> _WHAT TO DO_
From the records below, transcribe exactly the lines that begin at the line with "Hi everyone. This" and end at the line with "And a suet holder which needs more suet.", both included.

> _MATERIALS PROVIDED_
---------------
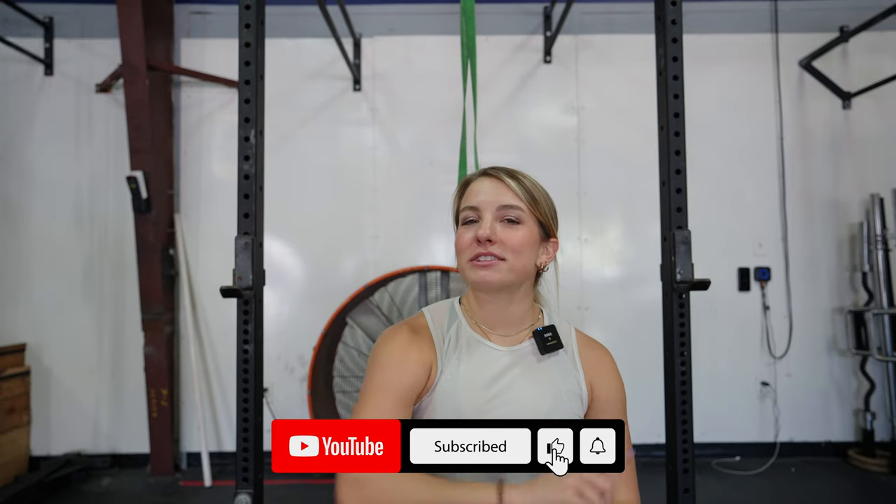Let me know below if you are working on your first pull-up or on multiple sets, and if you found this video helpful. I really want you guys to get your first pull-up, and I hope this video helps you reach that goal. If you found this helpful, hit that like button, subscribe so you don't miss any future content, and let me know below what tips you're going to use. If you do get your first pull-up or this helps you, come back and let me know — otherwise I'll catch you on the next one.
---------------
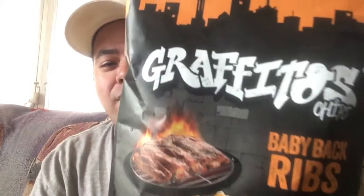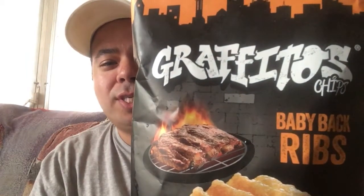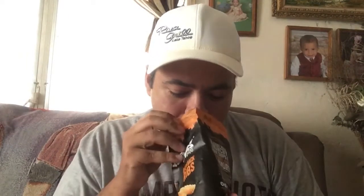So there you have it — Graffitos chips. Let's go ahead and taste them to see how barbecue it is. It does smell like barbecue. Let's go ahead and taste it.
---------------
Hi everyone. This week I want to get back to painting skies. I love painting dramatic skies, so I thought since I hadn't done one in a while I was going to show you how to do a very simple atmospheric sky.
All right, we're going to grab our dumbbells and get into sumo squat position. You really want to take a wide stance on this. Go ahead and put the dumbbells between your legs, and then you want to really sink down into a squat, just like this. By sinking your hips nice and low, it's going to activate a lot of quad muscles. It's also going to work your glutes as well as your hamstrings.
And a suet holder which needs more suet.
---------------
> _COMPLETED EXERCISE_
Hi everyone. This week I want to get back to painting skies. I love painting dramatic skies, so I thought since I hadn't done one in a while I was going to show you how to do a very simple atmospheric sky.
All right, we're going to grab our dumbbells and get into sumo squat position. You really want to take a wide stance on this. Go ahead and put the dumbbells between your legs, and then you want to really sink down into a squat, just like this. By sinking your hips nice and low, it's going to activate a lot of quad muscles. It's also going to work your glutes as well as your hamstrings.
And a suet holder which needs more suet.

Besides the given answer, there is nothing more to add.